● **Instructions for the task**
Below are records; extract exactly the lines from the one with "If we use an" through the final line, including both, but drop the pictures.

(Collected data)
★ ★ ★
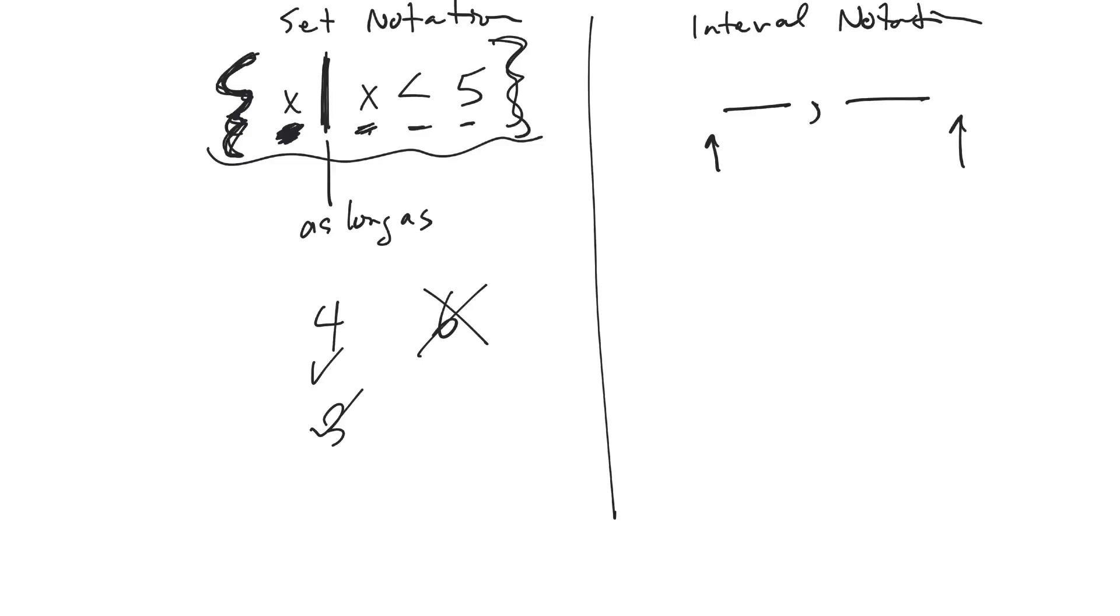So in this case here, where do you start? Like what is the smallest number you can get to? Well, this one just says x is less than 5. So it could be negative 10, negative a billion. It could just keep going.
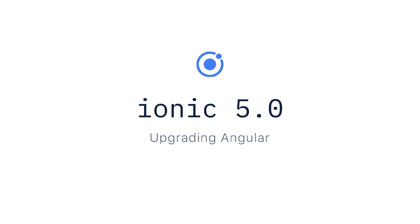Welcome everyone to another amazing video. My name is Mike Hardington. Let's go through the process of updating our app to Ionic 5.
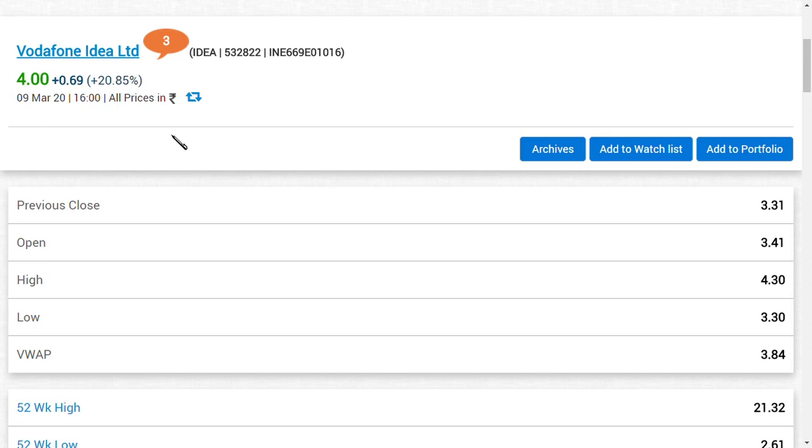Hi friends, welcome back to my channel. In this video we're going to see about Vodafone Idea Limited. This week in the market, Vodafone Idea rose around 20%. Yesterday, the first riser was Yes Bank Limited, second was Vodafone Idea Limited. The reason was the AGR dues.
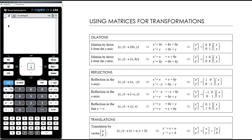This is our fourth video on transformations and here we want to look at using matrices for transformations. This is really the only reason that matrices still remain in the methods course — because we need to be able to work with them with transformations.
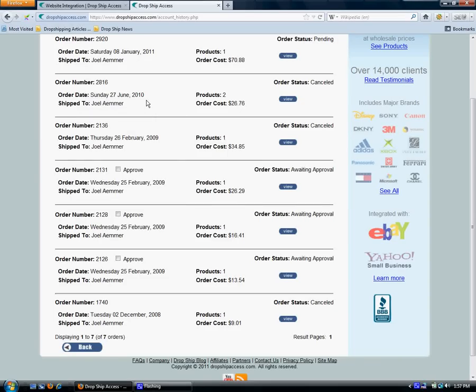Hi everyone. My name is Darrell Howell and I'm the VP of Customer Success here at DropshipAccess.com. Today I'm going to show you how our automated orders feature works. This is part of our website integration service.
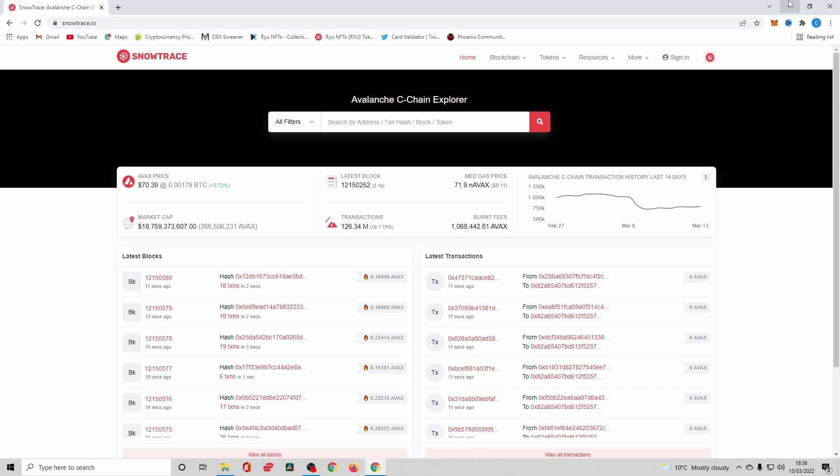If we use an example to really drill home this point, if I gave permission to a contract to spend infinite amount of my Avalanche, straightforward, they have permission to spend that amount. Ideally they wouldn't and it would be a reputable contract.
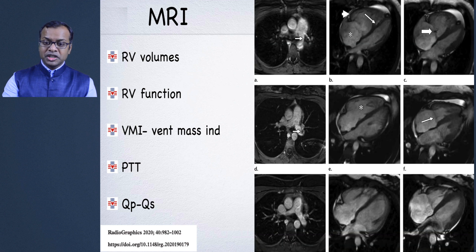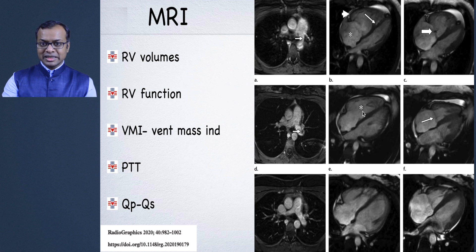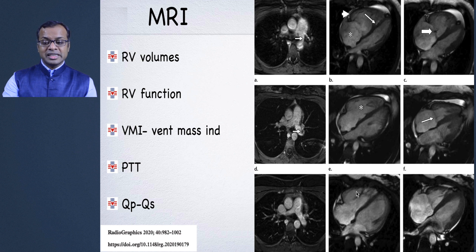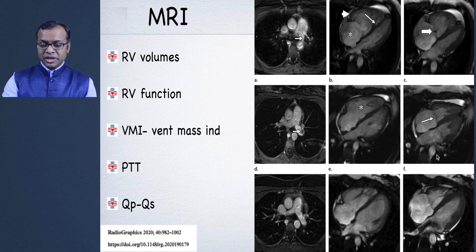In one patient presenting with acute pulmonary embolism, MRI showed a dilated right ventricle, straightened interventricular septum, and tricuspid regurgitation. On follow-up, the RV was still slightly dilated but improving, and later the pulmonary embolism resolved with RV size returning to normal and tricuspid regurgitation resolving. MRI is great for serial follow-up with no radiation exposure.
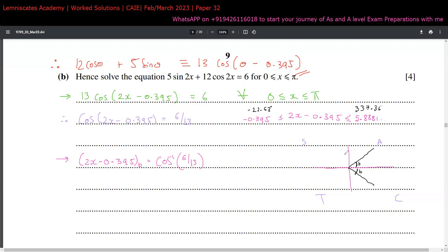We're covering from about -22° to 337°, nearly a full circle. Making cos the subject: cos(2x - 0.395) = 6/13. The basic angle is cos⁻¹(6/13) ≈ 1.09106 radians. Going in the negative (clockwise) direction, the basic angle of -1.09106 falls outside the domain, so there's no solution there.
★ ★ ★
● **Answer space**
If we use an example to really drill home this point, if I gave permission to a contract to spend infinite amount of my Avalanche, straightforward, they have permission to spend that amount. Ideally they wouldn't and it would be a reputable contract.
In one patient presenting with acute pulmonary embolism, MRI showed a dilated right ventricle, straightened interventricular septum, and tricuspid regurgitation. On follow-up, the RV was still slightly dilated but improving, and later the pulmonary embolism resolved with RV size returning to normal and tricuspid regurgitation resolving. MRI is great for serial follow-up with no radiation exposure.
We're covering from about -22° to 337°, nearly a full circle. Making cos the subject: cos(2x - 0.395) = 6/13. The basic angle is cos⁻¹(6/13) ≈ 1.09106 radians. Going in the negative (clockwise) direction, the basic angle of -1.09106 falls outside the domain, so there's no solution there.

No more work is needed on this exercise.